Belmullet employment group part of pan European jobs project

Sarah Togher, IASE, Belmullet, at the Castlebar launch of the Toolkit for Diversity, with Dermot Cunningham, EUSE Council.

Sarah Togher, IASE, Belmullet, at the Castlebar launch of the Toolkit for Diversity, with Dermot Cunningham, EUSE Council.

A Belmullet based national employment organisation has played a leading role in a pan European project to develop new resources, which could support more individuals from marginalised or disadvantaged groups into the workplace.

The Irish Association of Supported Employment (IASE ) partnered with employment organisations from 12 other European countries on the project.

The official Irish launch of the project, which is called Toolkit for Diversity, was held in the Harlequin Hotel, Castlebar, recently.

The project involved the development of a new ‘toolkit’, which outlines a tried and tested model for community, support, or social workers to use to assist their clients to get and keep a job in the open labour market.

While the Toolkit for Diversity project targeted three specific groups, ex-offenders, early school leavers, and individuals recovering from substance abuse, it could be used to support any marginalised group, according to Sarah Togher, national coordinator of the IASE.

“The toolkit is now available for any group who wants to use it and we are very happy to share it with them,” she outlined.

“This is a very significant piece of work and the adapted toolkit has the potential to influence employment policy at a national and European level.”

The IASE promotes employment opportunities for people with disabilties using a model called supported employment.

Supported employment was pioneered in North America in the 1980s, to assist people with disabilties, who often experience huge barriers to the workplace, into jobs in the open labour market.

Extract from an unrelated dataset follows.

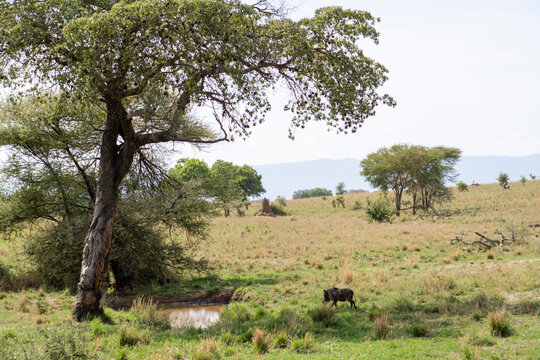 wildebeest in serengeti city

“It involves a professional job coach working, one-on-one, with an individual client and an employer to make a good job match and then tailoring the right supports to make the job sustainable for both the individual and the employer,” explained Ms Togher.

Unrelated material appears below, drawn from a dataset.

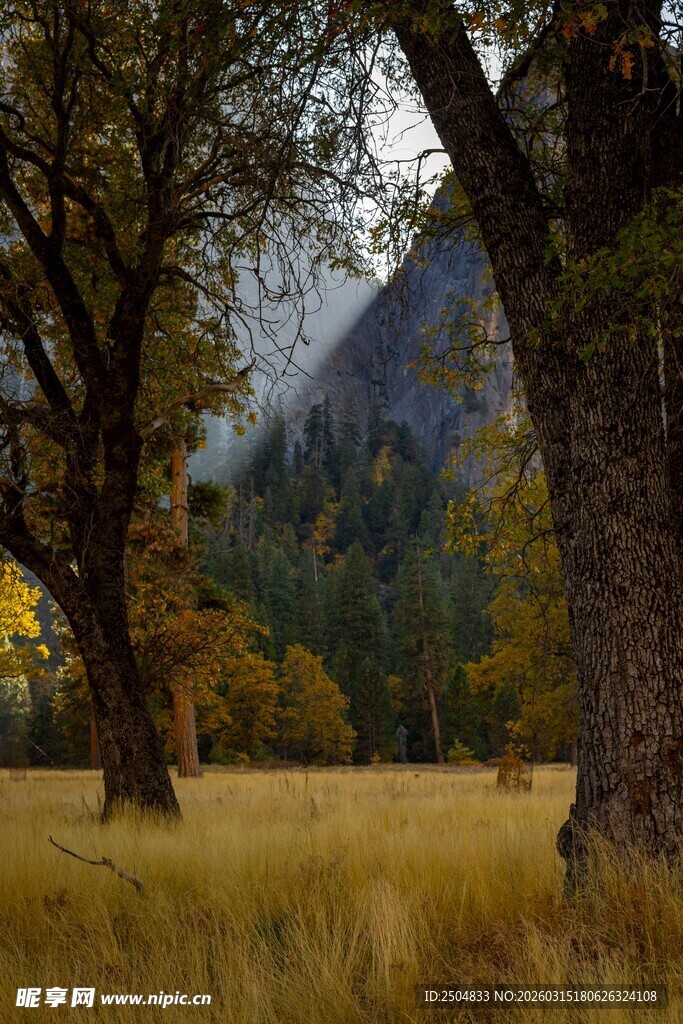 秋日山林草地美景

“The model has proven to be hugely successful in supporting individuals with disabilities into the workplace and there are 5,000 people at work in Ireland through supported employment.”

The IASE played a leading role in developing the first European guide to supported employment in 1997, working alongside the European Union of Supported Employment (EUSE ) on the project.

The Toolkit for Diversity has adapted that guide so that supported employment can be put to work to help other, similarly marginalised, groups to overcome the barriers they might typically experience when it comes to finding and keeping a job.